Quick Sort going stack-overflow with a large array (more than 600000 elements) when testing it with the array already sorted

Question

So when I test the algorithm with that huge array, it works fine; sorts everything perfectly. But when I test it with the same array already sorted, I get stackOverFlow. I read similar questions on this, but I couldn't really get a grasp of people's explanations in those questions. How can I fix it?

This is the quick sort implementation:

private static void quickSort(String[] arr, int start, int end) {
    
    if (end <= start) return;

    int pivot = partition(arr, start, end);
    quickSort(arr, start, pivot - 1);
    quickSort(arr, pivot + 1, end);

}

private static int partition(String[] arr, int start, int end) {
    
    String pivot = arr[end];
    int i = start - 1;

    for (int j = start; j < end; ++j)
    {
        if (arr[j].compareTo(pivot) < 0)
        {
            ++i;
            String temp = arr[i];
            arr[i] = arr[j];
            arr[j] = temp;
        }
    }
    ++i;
    String temp = arr[i];
    arr[i] = pivot;
    arr[end] = temp;

    return i;
}

Part where code is tested:

List<String> arr = Files.readAllLines(Paths.get("dictionary.txt"), StandardCharsets.UTF_8);

String[] arr2 = arr.toArray(new String[arr.size()]);
String[] arr3 = arr2.clone();

long startTime41 = System.nanoTime();
Sorting.quickSort(arr3);
long endTime41 = System.nanoTime();
long timeLapsed41 = endTime41 - startTime41;

Sorting.quickSort(arr3); // StackOverFlow when sorting here

Answer 1

So having elements already sorted and choosing always as a pivot the last element would mean that every time you recurse and partition the elements, all of the elements of the array are absolutely going to be less than the pivot and no element would be greater than it.

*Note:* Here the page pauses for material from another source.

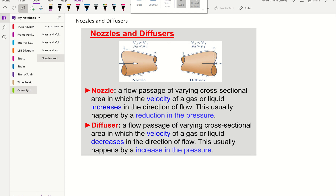In this video we're going to start with nozzles and diffusers. As you can see in this schematic, a nozzle goes from a larger area to a smaller area, while a diffuser is the opposite — smaller to bigger. Thinking about what happens to velocity: when mass passes from a big area to a smaller one, the restriction causes velocity to increase, so V2 is greater than V1. For the diffuser it's the opposite — V2 is less than V1.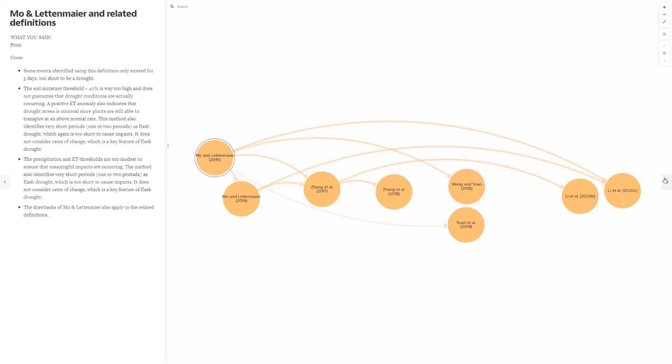Of the thoughts submitted about this type of flash drought definition, there were only criticisms including these. One, the method identified events that are too short to be a drought. Next, the soil moisture threshold of 40% is too high. A positive evapotranspiration anomaly does not necessarily mean drought stress on plants. The precipitation and evapotranspiration thresholds are too modest to ensure that meaningful impacts are occurring. And as a final note, it was pointed out that the drawbacks mentioned for the Moe and Lettenmeyer paper were also applied to all of the related definitions.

This would cause unbalanced partitions, and so the line of code of the low partition quickSort(arr, start, pivot - 1); would have to make a lot more recursive calls than the normal causing a stack-overflow. This is the worst case scenario in Quick Sort (O(n^2)).

To fix it, what I did was making the algorithm choose random pivots instead of choosing always the last element as the pivot in the following fashion:

private static int partition(String[] arr, int start, int end) {
        int randomIndex = new Random().nextInt(end - start + 1) + start; // random pivot to avoid worst case scenario more often during recursion (when array is already sorted)
        String pivot = arr[randomIndex];
        int i = start - 1;

        String temp = arr[randomIndex];
        arr[randomIndex] = arr[end];
        arr[end] = temp;

        for (int j = start; j < end; ++j)
        {
            if (arr[j].compareTo(pivot) < 0)
            {
                ++i;
                temp = arr[i];
                arr[i] = arr[j];
                arr[j] = temp;
            }
        }
        ++i;
        temp = arr[i];
        arr[i] = pivot;
        arr[end] = temp;

        return i;
    }

More explanation:

• Why nextInt(end - start + 1) + start;?

We need to choose the element at a random index within that specific partition of the array. This parameter will generate a number between 0 to the last index end - start of the partition (not inclusive). To include the last index as a possible pivot. We must add one. We then add to the result the smallest index because we do not want indexes of the low partition being included. When the method is doing the high partition, the lowest index is not going to be 0 but a higher number. When we add the lowest index to the result, we exclude all the numbers lower than that number to being possible pivots.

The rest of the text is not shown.